___ DATASET RECORDS

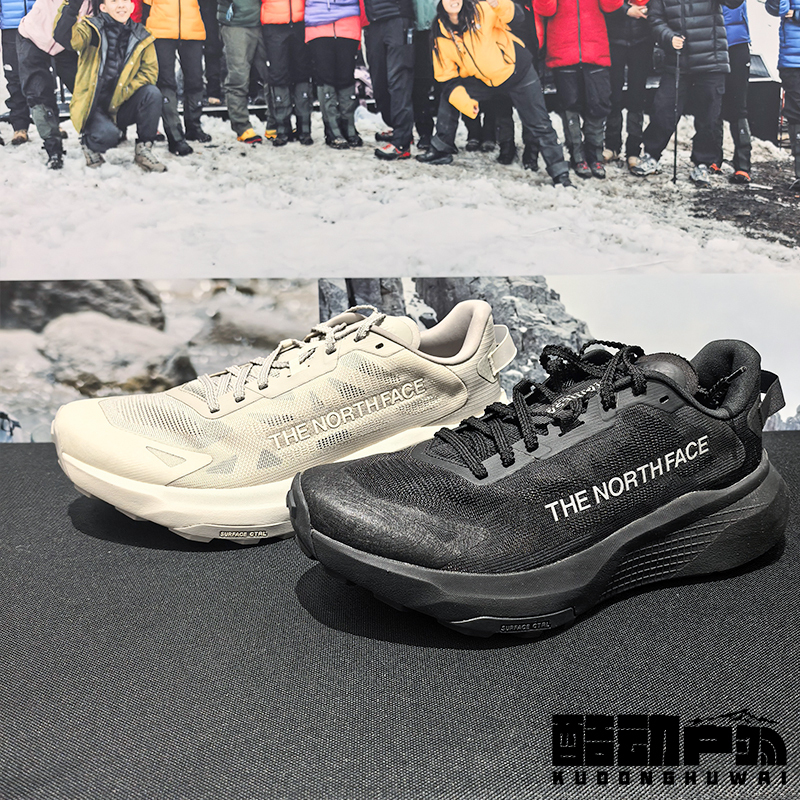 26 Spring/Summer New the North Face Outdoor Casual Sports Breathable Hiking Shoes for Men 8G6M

______
___ DATASET RECORDS

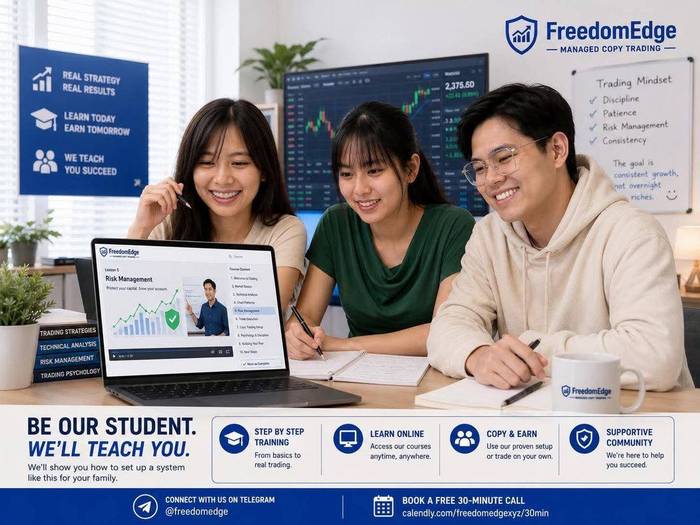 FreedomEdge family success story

______
___ DATASET RECORDS

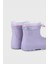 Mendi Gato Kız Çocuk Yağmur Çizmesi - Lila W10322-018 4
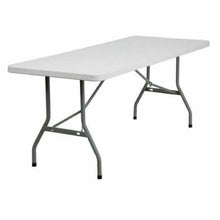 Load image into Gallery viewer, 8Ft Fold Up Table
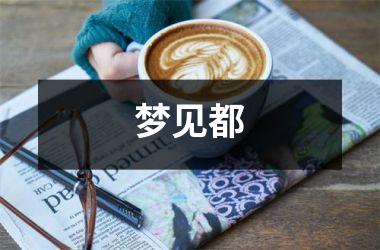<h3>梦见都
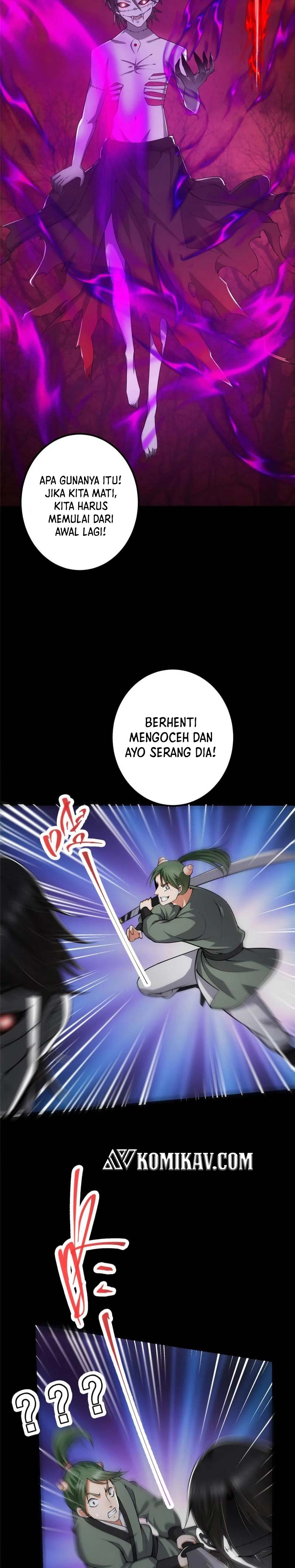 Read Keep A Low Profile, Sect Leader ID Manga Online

______

### PROBLEM DESCRIPTION:
Print from the line containing "Mendi Gato Kız" through the line containing "Read Keep A" in the data above, exactly as the lines stand, and omit every picture.

### RESULT:
 Mendi Gato Kız Çocuk Yağmur Çizmesi - Lila W10322-018 4
 Load image into Gallery viewer, 8Ft Fold Up Table
<h3>梦见都
 Read Keep A Low Profile, Sect Leader ID Manga Online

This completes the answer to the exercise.